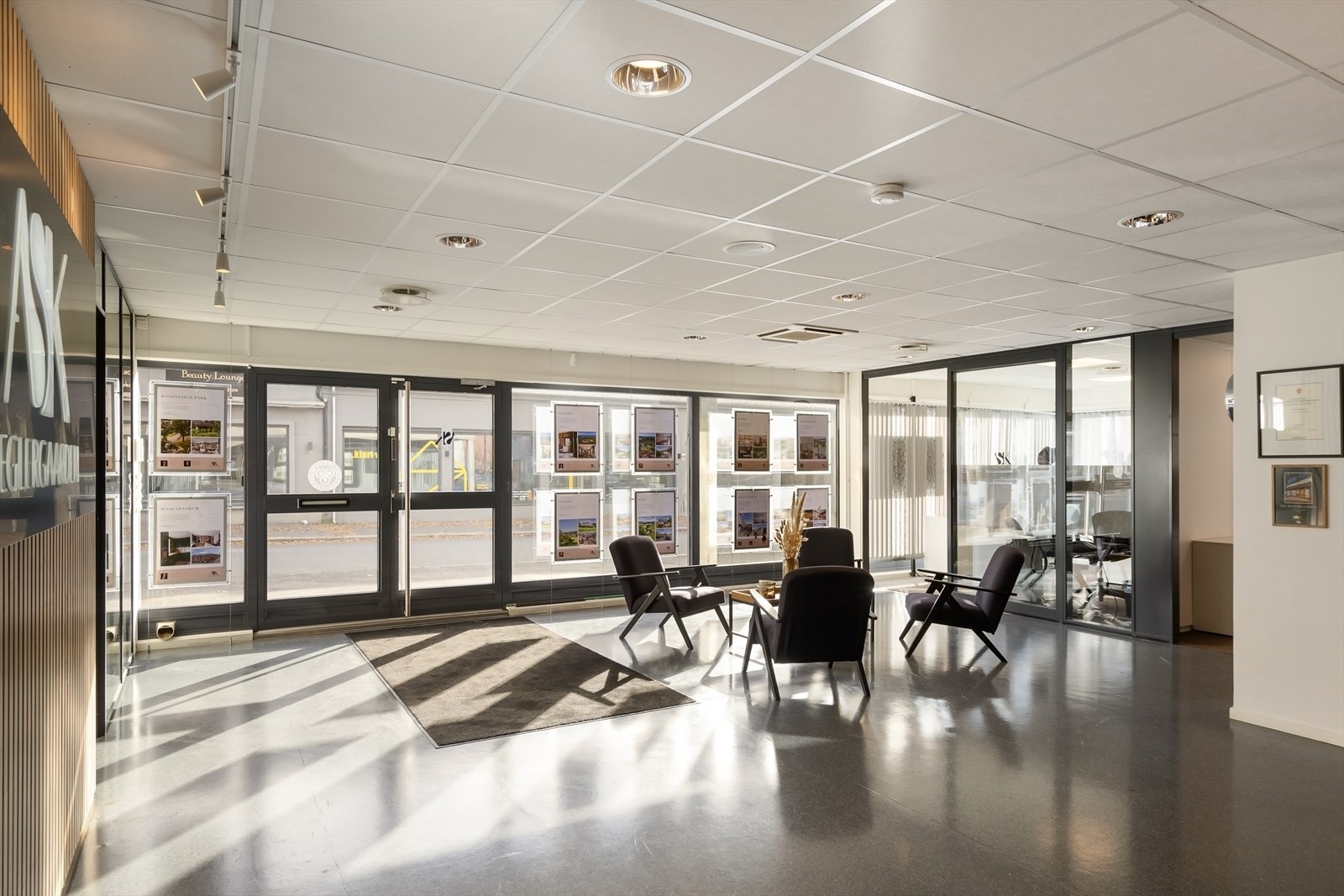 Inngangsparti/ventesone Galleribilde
------------
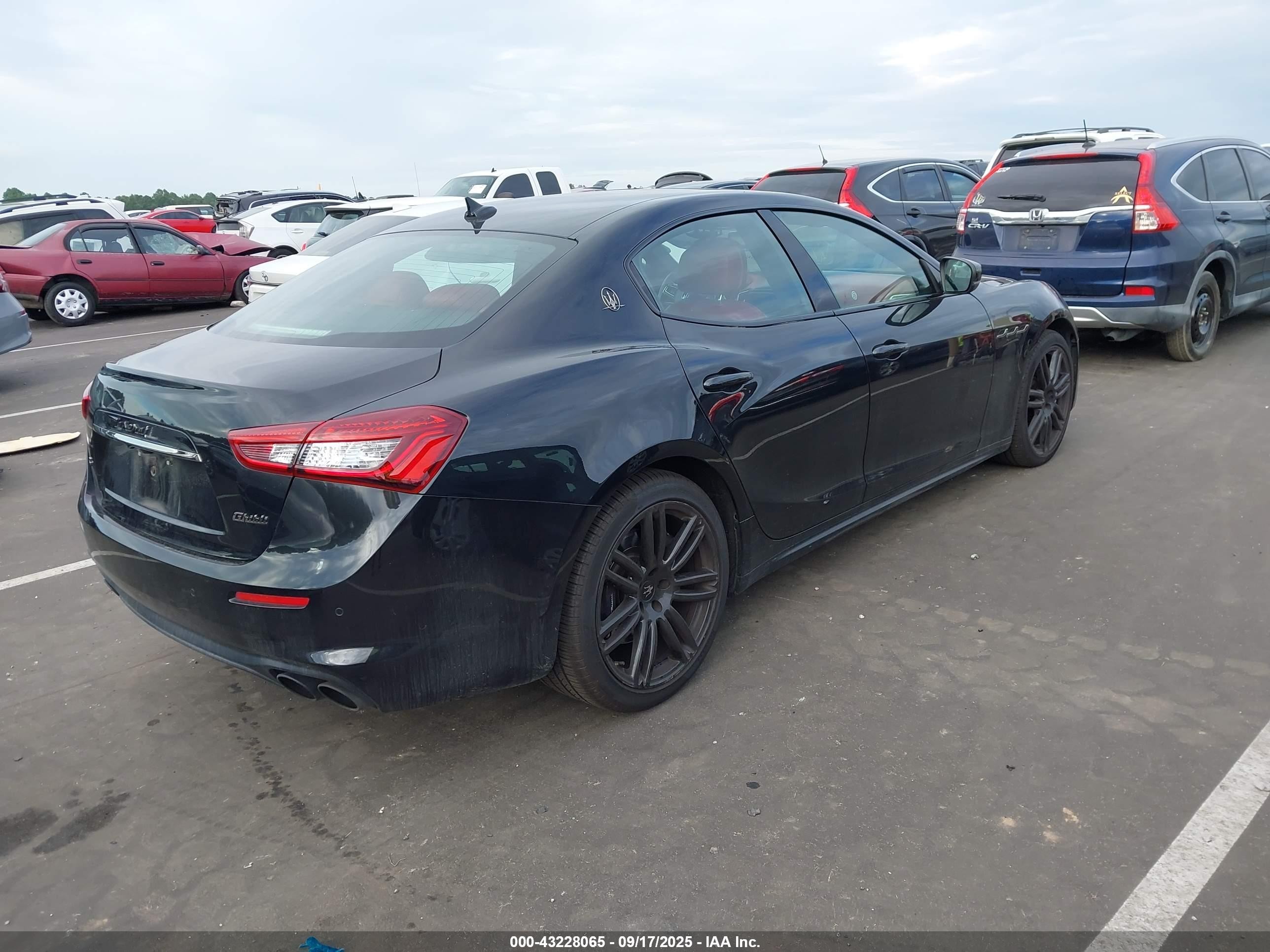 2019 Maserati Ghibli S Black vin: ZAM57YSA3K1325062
------------
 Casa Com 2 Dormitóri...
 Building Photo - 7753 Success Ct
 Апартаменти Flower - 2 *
------------
• _Problem description_
Word for word, restate the lines of the data above that fall between the line holding "Casa Com 2 Dormitóri..." and the line holding "Апартаменти Flower - 2 *", inclusive, and no other lines.

• _Answer area_
 Casa Com 2 Dormitóri...
 Building Photo - 7753 Success Ct
 Апартаменти Flower - 2 *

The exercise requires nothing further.